Pennsylvania Attorney General Josh Shapiro sues student loan company


HARRISBURG, Pa. — Pennsylvania’s attorney general has accused the nation’s largest student loans company of engaging in abusive practices in a lawsuit filed Thursday that alleged it improperly added billions of dollars in costs to the borrowers.

The lawsuit filed in federal court in Harrisburg, Pa., said Navient Corp. and its subsidiary Navient Solutions LLC sold “risky and expensive” subprime loans and harmed borrowers and co-signers by failing to perform basic loan management tasks.

“Evidence will likely show that (1) there was a profound impact on the financial lives of borrowers to whom defendants sold risky subprime loans, (2) many borrowers had to delay starting a family, ( 3) many borrowers were unable to save for the down payment on a home, and (4) others were unable to start their own businesses,” the lawsuit alleged.

He claims the companies funneled people into a program that added massive interest charges when they should have funneled them into income-geared repayment plans.

A statement from Navient called the allegations completely unfounded and said they complied with federal student loan rules.

The lawsuit accuses Navient of violating federal and state consumer protection laws and seeks a court order directing them to change their practices, release borrowers, and refund any profits they made from the alleged practices.

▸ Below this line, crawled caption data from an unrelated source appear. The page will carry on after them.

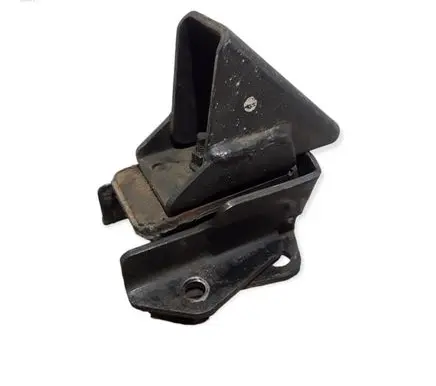 Mitsubishi Pajero Engine mount bracket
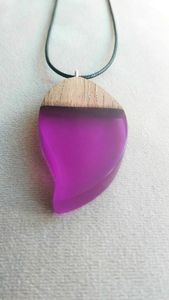 Collier pendentif en bois de résine de coeur de style féminin avec chaîne noire et pierre arc-en-ciel nouveau Design breloques de style religieux - Product Image 2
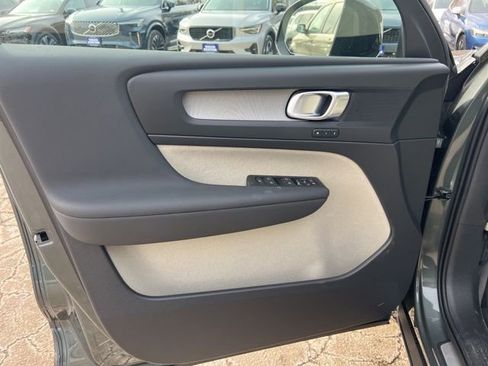 New 2026 Volvo XC40 B5 Plus w/ Climate Package image 22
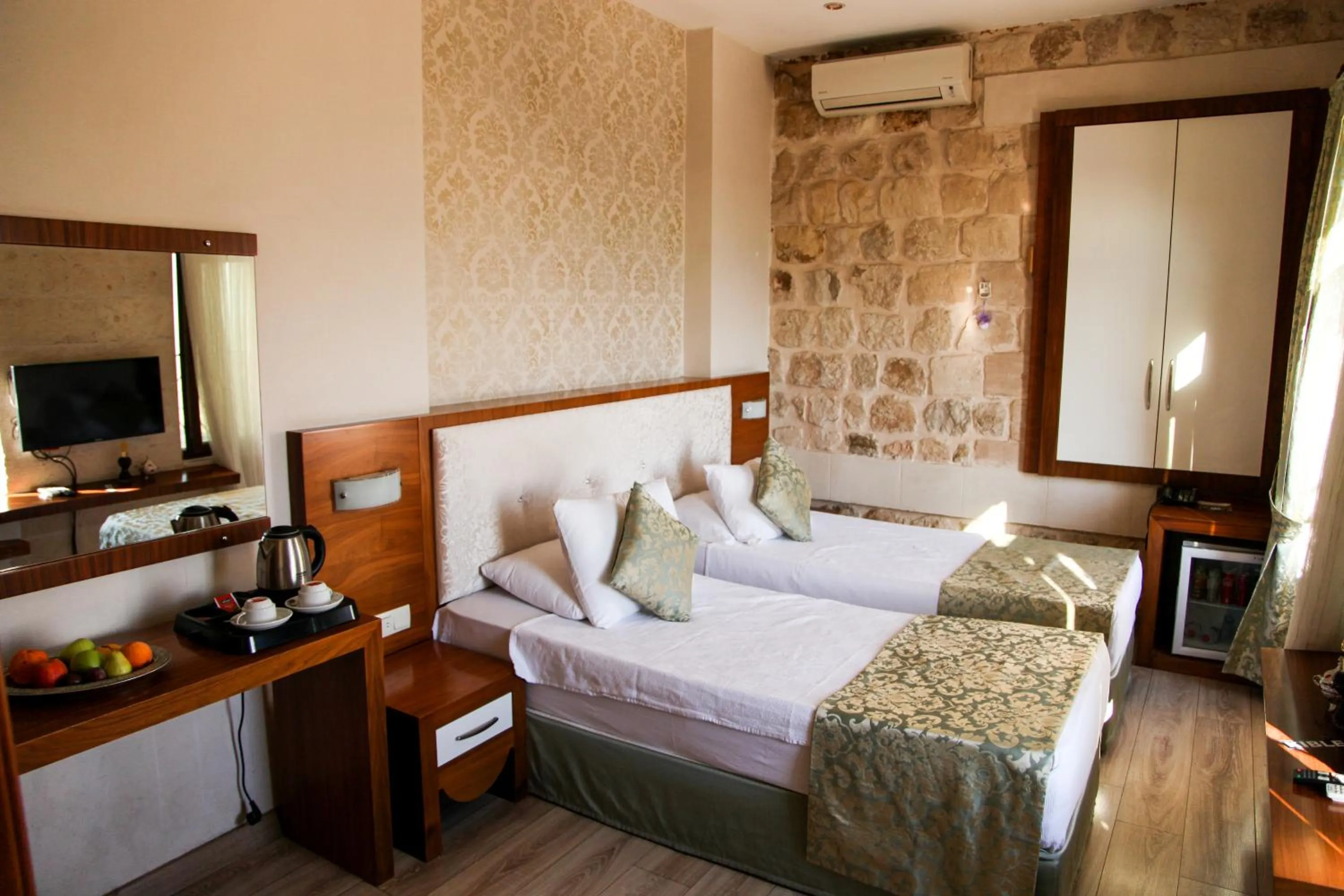 Photo of the whole room, Bed in Tuğhan Hotel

Pennsylvania Attorney General Josh Shapiro, a Democrat, in a statement accused Navient of putting its interests ahead of those of the families who took out the loans. He said the case could affect hundreds of thousands of state residents.

“They crossed the line in pursuit of profit and we are here to change their behavior and help people who have been wronged,” Shapiro said.

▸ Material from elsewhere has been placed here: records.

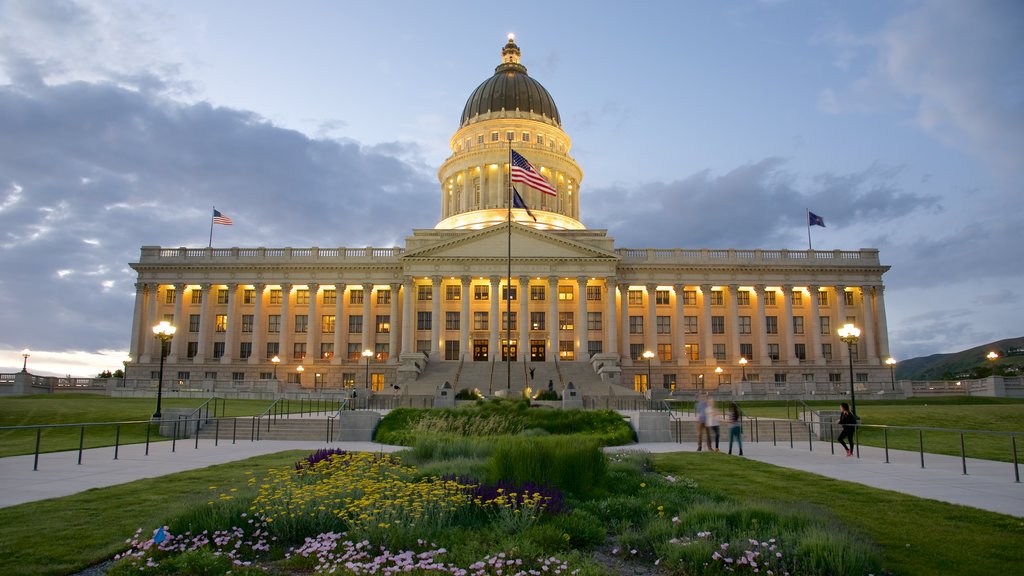 Utah State Capitol som omfatter en administrativ bygning, historiske bygningsværker og en solnedgang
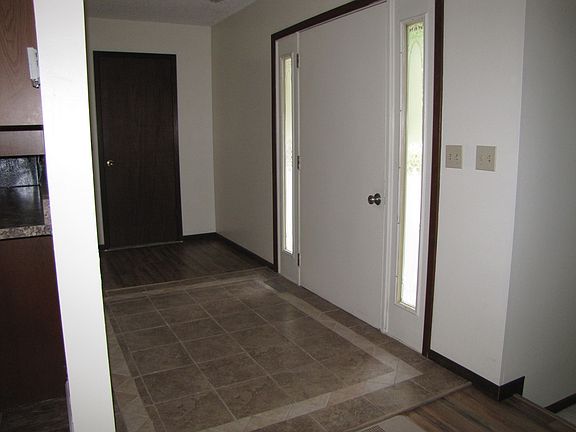 3rd image of 552 E County Road 1050 N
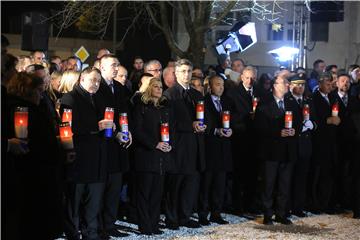 Candles lit at start of Vukovar Remembrance Day commemorations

Shapiro’s agency said that since last month, more than 1,000 Pennsylvanians have filed complaints against Navient with the Consumer Financial Protection Bureau.

The lawsuit claims that Navient gives loans to schools with low graduation rates, knowing that many will not be able to repay them, and pushes borrowers into short-term “loan forbearances” that increase costs rather than reduce them. help enroll in repayment plans linked to income levels and family size.

Navient customer service representatives, according to the lawsuit, receive average call duration financial incentives that encourage them to enroll people in forbearance rather than income-driven reimbursement plans.

Navient has a student loan servicing center in Wilkes-Barre with approximately 1,000 employees.

Earlier this year, the Consumer Financial Protection Bureau, Illinois and Washington State also continued lending practices. Navient denied the allegations and said the lawsuits would drive up loan costs.


Previous Chelsea keen to send Charly Musonda Jr. on loan to England
Next Can I get a loan for a mobile home?